*Work instruction*: For the data below, retype word for word the lines from the one containing "Pooqla 3FT Marquee" through the one containing "Vista 23 de"; drop the pictures.
◇ ◇ ◇ ◇ ◇ ◇ ◇
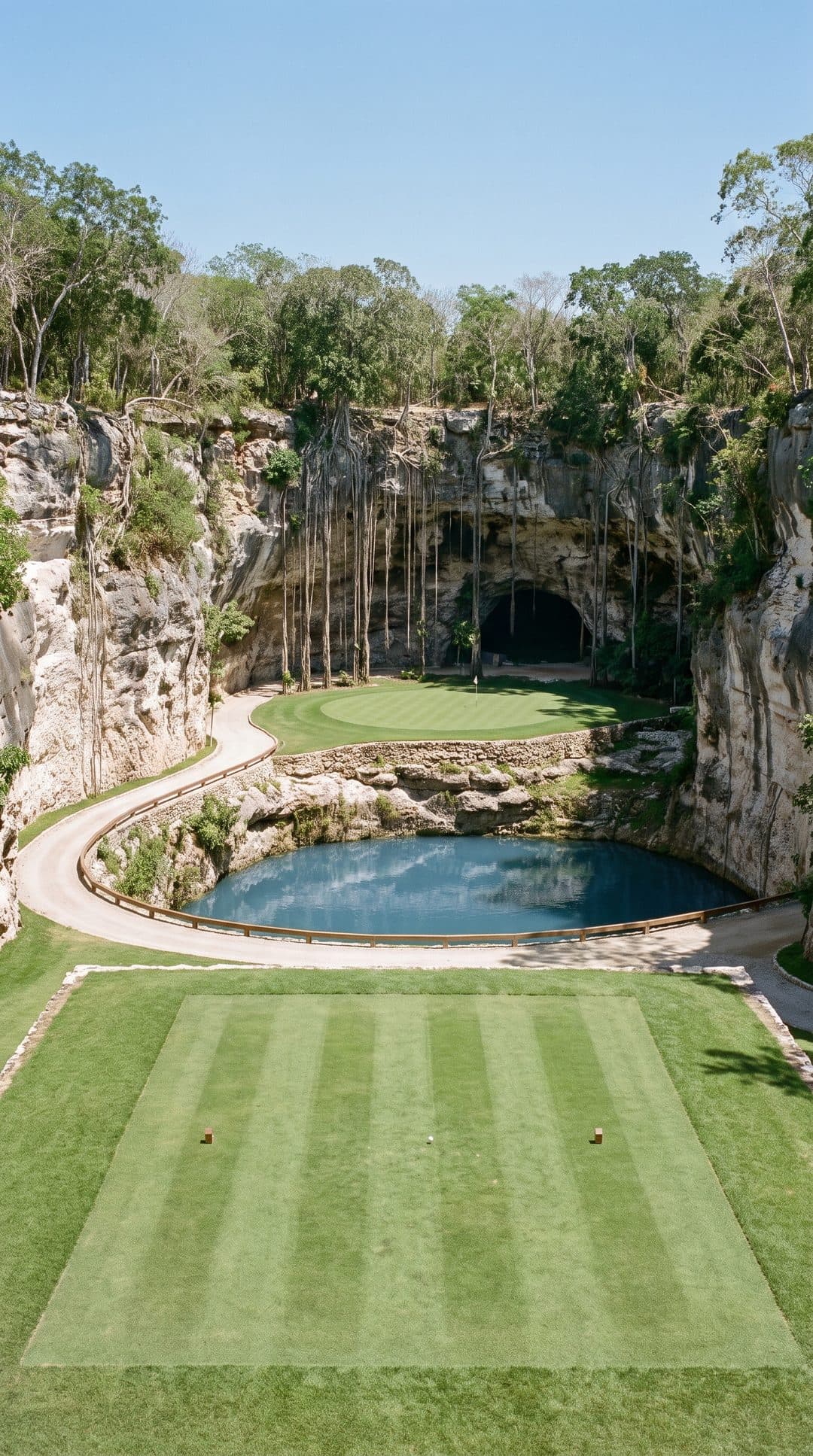AI-imagined golf hole: a short par 3 played across the inside of a limestone sinkhole to a green on a ledge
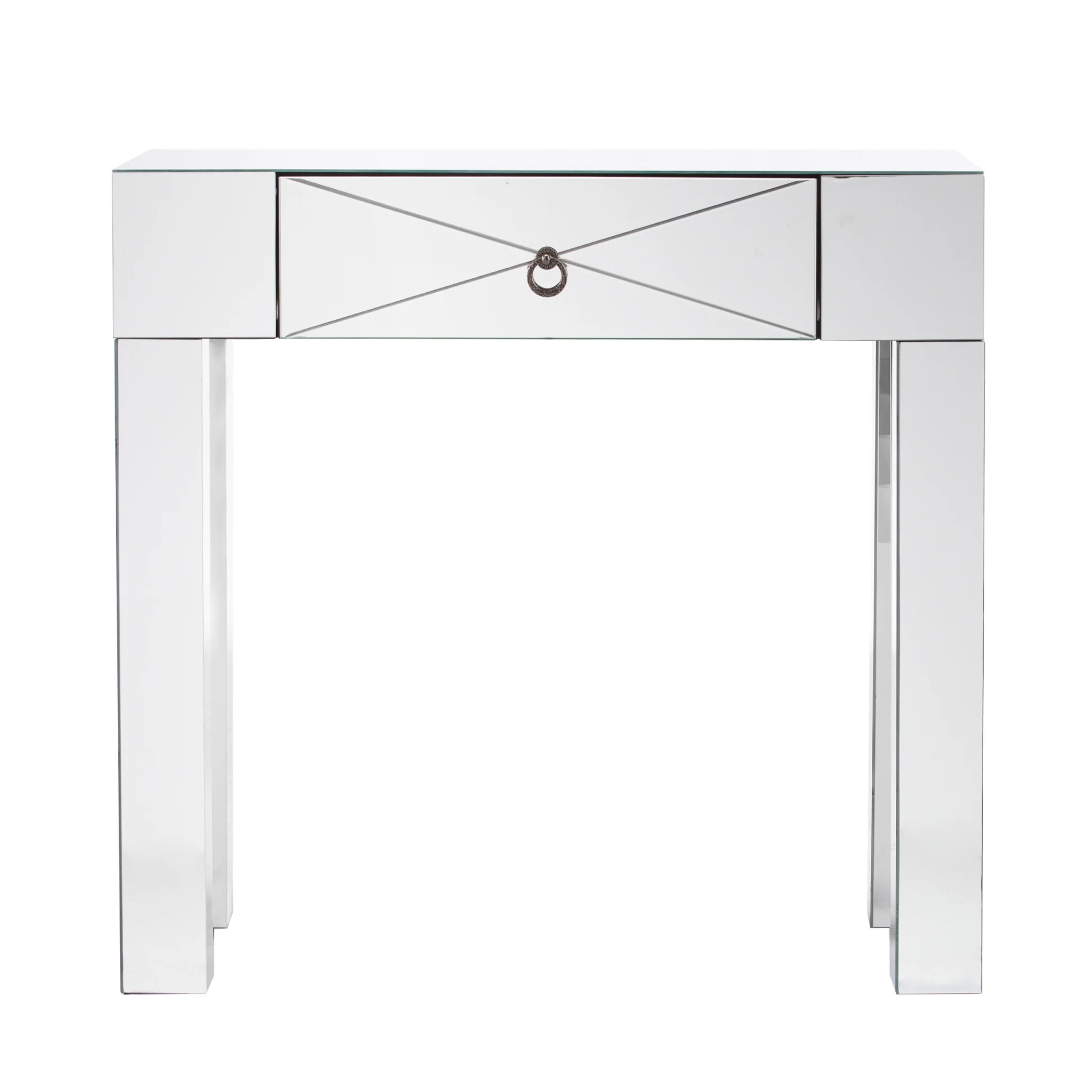 31" Silver Mirrored Glass Console Table With Storage By Homeroots - Image 3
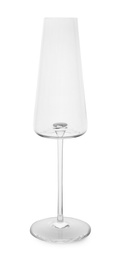 Empty clear champagne glass on white background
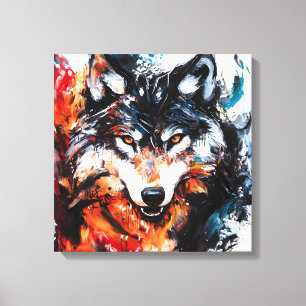 Impressão Em Tela Espírito Selvagem Abstrato Lobo
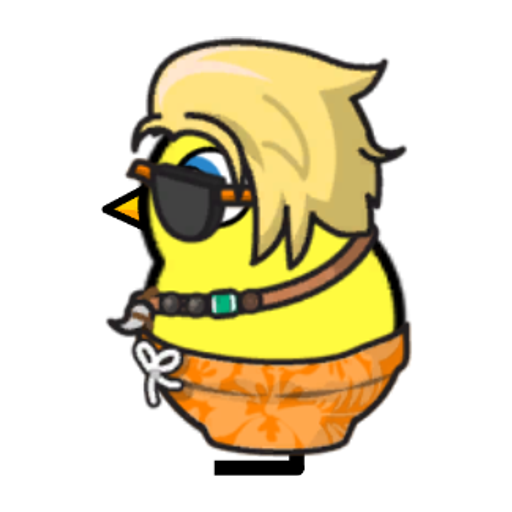 Rotating overworld view of a yellow blue-eyed duck wearing Surfer Outfit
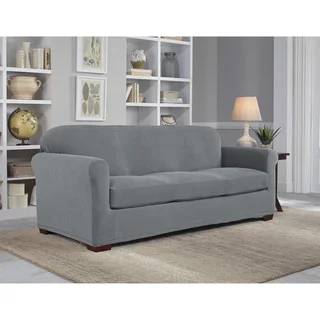 Tailor Fit Stretch Grid 2-piece Sofa Slipcover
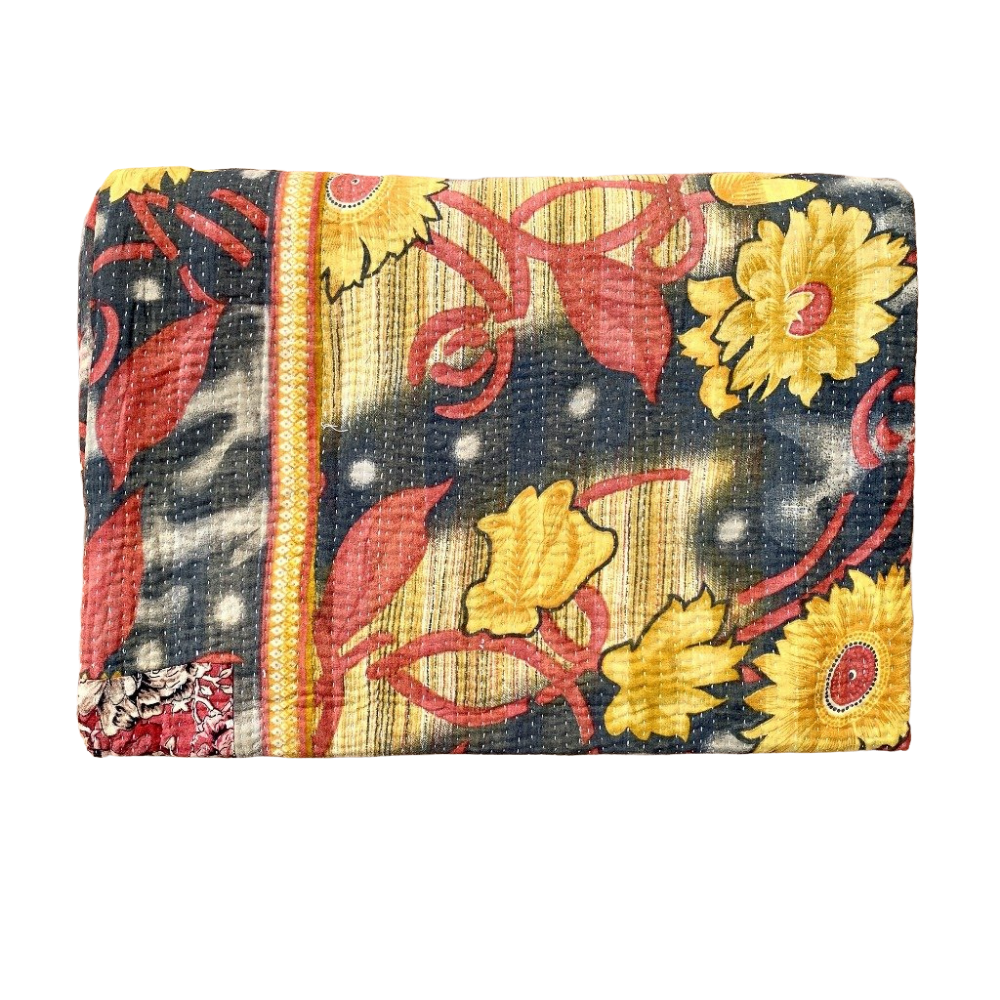 Indian Handmade Reversible Vintage Kantha Quilt Bedspread Chitra - Adore India   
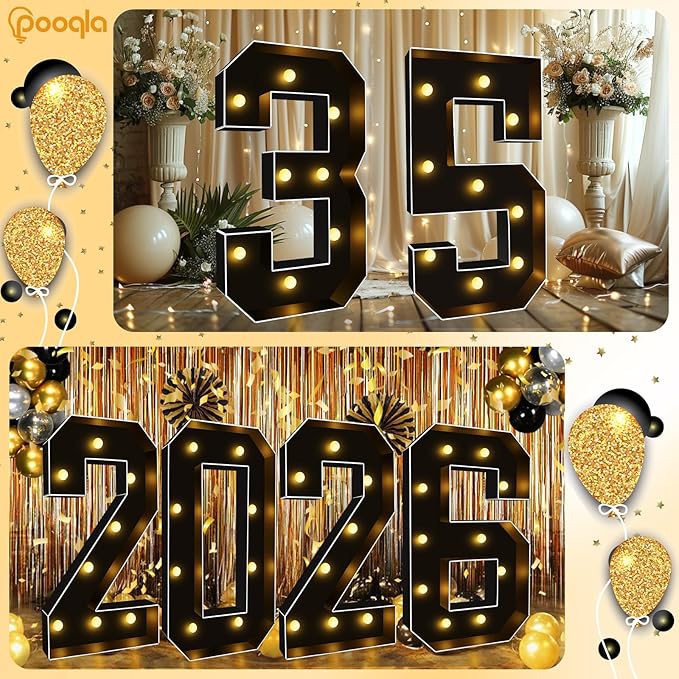 Pooqla 3FT Marquee Light Up Numbers, Black Lighted Party Decor for her him Women Men, Giant Mosaic Light Up Numbers for 2nd 12th 21st Birthday Anniversary Decoration, Number 2
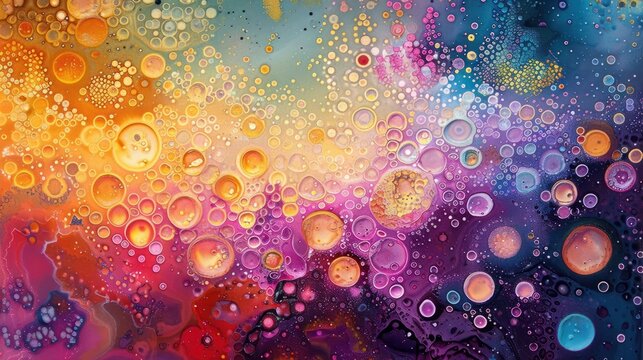 This artwork is an abstract composition made with ink and small bubbles. It has a beautiful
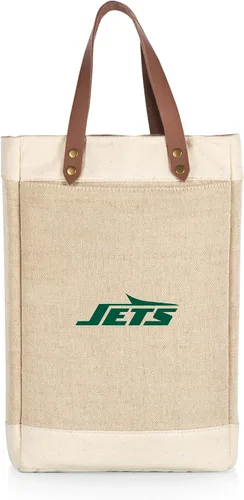 Vista 23 de PICNIC TIME NFL Pinot - Jute 2 Bottle Insulated Wine Bag - Wine Tote Bag - Wine Gift Bag, (Beige)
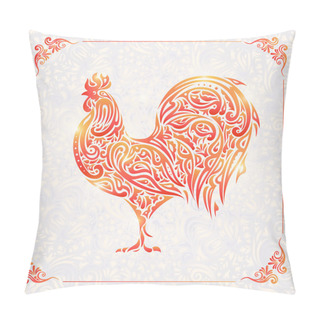 Personality  Floral Rooster Symbol Of Chinese New Year Pillow Covers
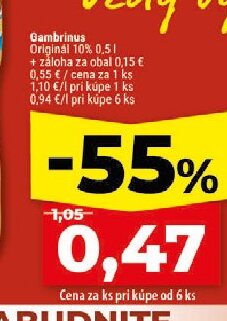 Gambrinus Original 10%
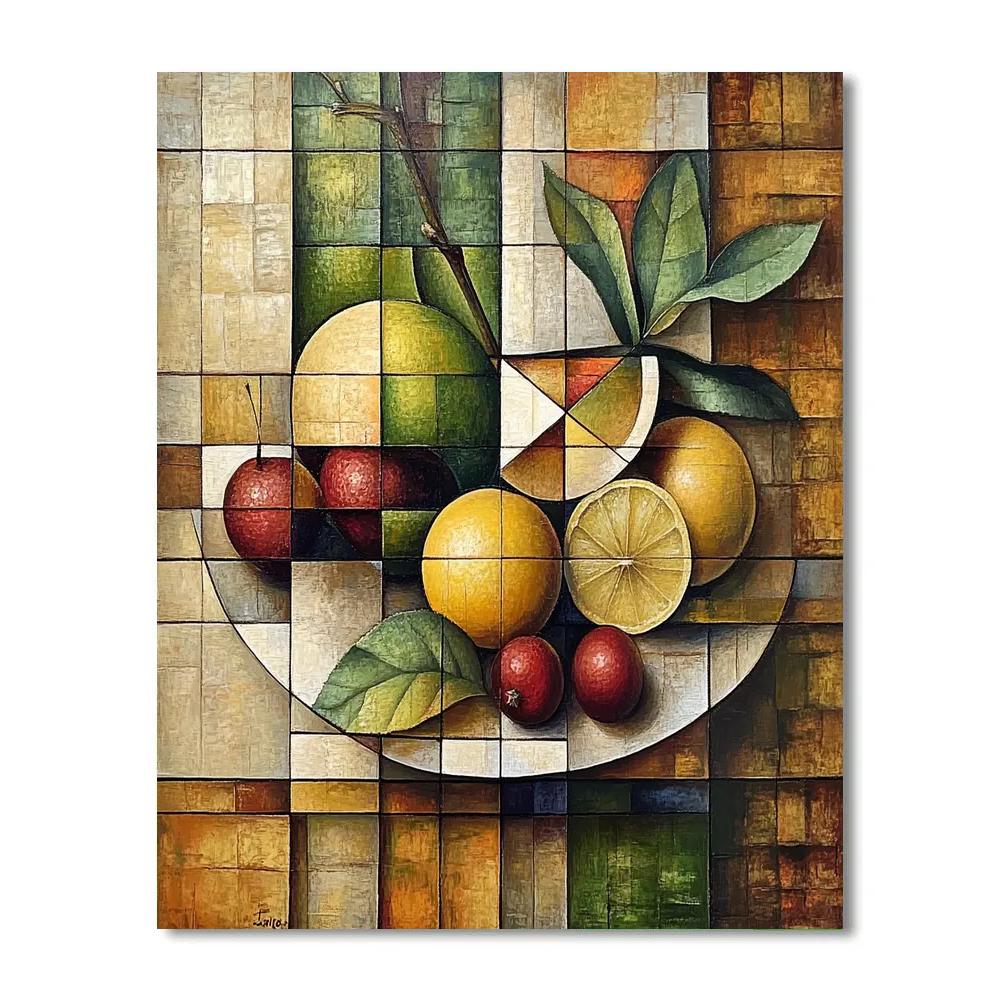 Pablo Picasso Inspired Still Life With Fruit Paint by numbers art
◇ ◇ ◇ ◇ ◇ ◇ ◇
*Result below*:
 Pooqla 3FT Marquee Light Up Numbers, Black Lighted Party Decor for her him Women Men, Giant Mosaic Light Up Numbers for 2nd 12th 21st Birthday Anniversary Decoration, Number 2
 This artwork is an abstract composition made with ink and small bubbles. It has a beautiful
 Vista 23 de PICNIC TIME NFL Pinot - Jute 2 Bottle Insulated Wine Bag - Wine Tote Bag - Wine Gift Bag, (Beige)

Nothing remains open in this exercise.